Per definizione, l’attenzione è un meccanismo cognitivo che consente di dare rilevanza ad alcuni stimoli, scartandone altri. Quando il nostro cervello riceve degli stimoli dal mondo circostante, tende a ignorare quelli noti, già depositati della memoria. Perseverando in tale atteggiamento inconscio, generiamo gli stereotipi che erroneamente ci convincono di sapere già tutto di quello stiamo osservando. Così, creiamo categorie ed etichette anche rispetto alle persone che incontriamo e che, con il tempo, finiamo per dare per scontate.
Il tema, attuale nel nostro agire quotidiano, rimanda alla nostra convinzione di riuscire a prestare attenzione a più cose contemporaneamente. O che l’eccesso di stimoli dovrebbe sviluppare la nostra capacità attentiva. Niente di più sbagliato. L’eccesso di stimoli, a cui tutti siamo esposti, determina la reazione opposta: non riuscire a focalizzarci sul presente. Le neuroscienze, infatti, spiegano che quando cerchiamo di dirigere la nostra attenzione su più cose allo stesso tempo, il processo di comprensione di alcune di queste si interrompe bruscamente.
Questo perché il cervello è in grado di dedicarsi a un solo compito alla volta. Anche se tiene in memoria più cose. Perché viviamo spesso nel caos, nella confusione e nell’insoddisfazione.
Il caso Skoda
Qualche tempo fa, la casa automobilistica Skoda lanciò una campagna interattiva dal titolo “The New Attention Stealing Skoda Fabia” per dimostrare come la bellezza della loro auto fosse in grado di rapire a tal punto lo sguardo da rendere l’osservatore incapace di notare qualsiasi altra cosa attorno (belle ragazze incluse).
Il montaggio è stato realizzato ad hoc per sfidare l’utente a rilevare quel che accade sullo schermo mentre la sua attenzione è focalizzata su un punto preciso del video. In questo caso, naturalmente, la voce fuori campo invita ad osservare l’automobile parcheggiata al centro dell’inquadratura, in una strada cittadina old style.
Il video è caratterizzato da una serie di fotogrammi neri che ne accentuano il look retrò e mantengono viva la curiosità dello spettatore. In realtà, ad ogni taglio, corrisponde una piccola modifica dello scenario, impercettibile ad una prima visione ma che porta, in meno di un minuto, ad un’immagine completamente trasformata.

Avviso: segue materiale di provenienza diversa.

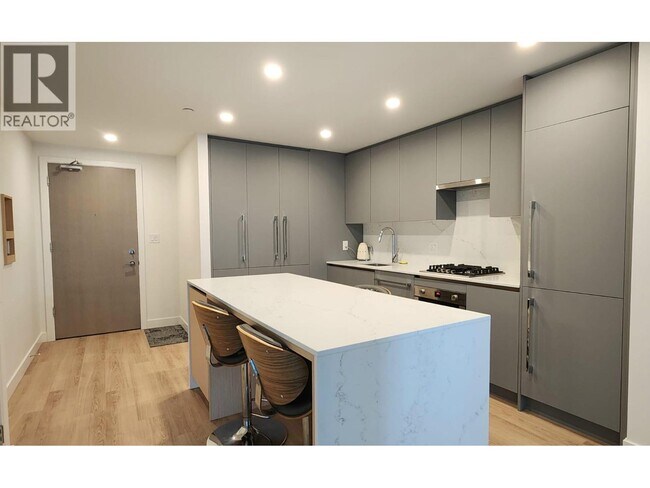 Photo du bâtiment - 5520 McNaughton Rd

Il suo intento pubblicitario ha mostrato come sia possibile manipolare i livelli di attenzione dello spettatore.
Un rimedio c’é
Sarebbe scontato dire che dovremmo cambiare stile di vita e concederci spazi diversi in cui
- rallentare,
- goderci di più il nostro tempo,
- coltivare le emozioni, la creatività e il contatto con noi stessi.
Ad esempio, la pratica artistica e un lavoro sul riconoscimento delle emozioni aiutano molto. Non scopriamo niente di nuovo, probabilmente, per comprendere come
- attenzione,
- benessere e
- creatività
siano strettamente collegati tra loro.
Tuttavia, ritengo interessante proporti una teoria. Si tratta della “Legge del tempo e del caos” di Ray Kurzweil, informatico e saggista statunitense, di cui parlo nel mio libro Comunicare Efficacemente: “Avete fatto caso che, al rientro da una vacanza particolarmente ricca di esperienze – quale potrebbe essere quella in Nuova Guinea o tra le rovine di antiche civiltà -, sembra di essere mancati molto più a lungo del tempo effettivamente trascorso fuori di casa? Questo senso di dilatamento temporale è dovuto all’attenzione profusa nelle nuove esperienze. Allora, per vivere più a lungo – o per averne la sensazione -, meglio disseminare la propria esistenza di “pietre miliari” lungo il normale “sistema di caos” del vivere quotidiano.”
Possiamo fare tanto per essere migliori. La domanda è: lo vogliamo davvero o ci va bene così?